I know the equation:
a = 2(d-vt) / t^2

However this doesn't seem to work for this case. Am I using the wrong formula?

 

[jamesrc]

I think you're overspecifying the problem. If you calculate a using your formula, you get a = -3.94 which will decelerate you so much that you'll be going in the opposite direction by your end time.

If you calculate the constant acceleration it takes to get to zero velocity at t=50, (v = vo+at), you get a = -2. That doesn't slow you down enough as you end up at position 2500.

You don't have enough degrees of freedom to do slow down at a constant rate and end up in that given spot at rest after a given amount of time. You have to relax one of the constraints on your problem. I hope that helps.

 

[Andrew Mason]

This is not homework. I'm an old game programmer

There is a platform moving at a constant velocity 100. The distance to the 'end' is 75.

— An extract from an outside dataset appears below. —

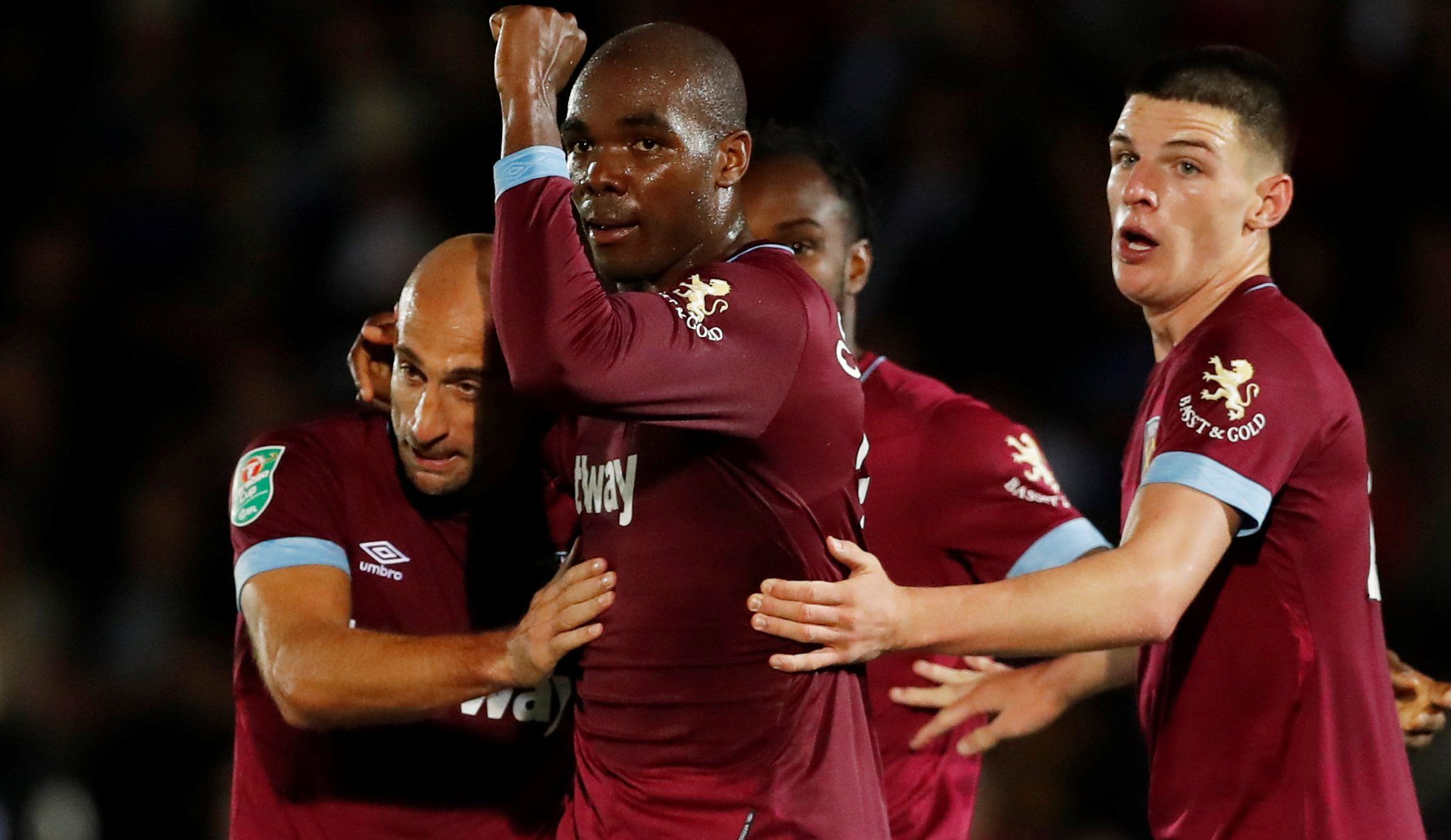 Soccer Football - Carabao Cup Second Round - AFC Wimbledon v West Ham United - The Cherry Red Records Stadium, London, Britain - August 28, 2018  West Ham's Angelo Ogbonna celebrates scoring their second goal with team mates    Action Images via Reuters/Matthew Childs  EDITORIAL USE ONLY. No use with unauthorized audio, video, data, fixture lists, club/league logos or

I have 50 clock ticks to begin slowing down at a constant rate so the platform reaches the end spot and is at zero velocity at the end of the time.

I need to know how much to reduce the velocity each clock tick.

I know the equation:
a = 2(d-vt) / t^2

However this doesn't seem to work for this case. Am I using the wrong formula?

You need to determine how much time it will take to come to a stop in those 75 units of distance. We don't know your units of speed. You can't start with predetermined values for all variables and make them fit. You either set speed, stopping distance and work out the time. Or you set the time and speed and work out the stopping distance.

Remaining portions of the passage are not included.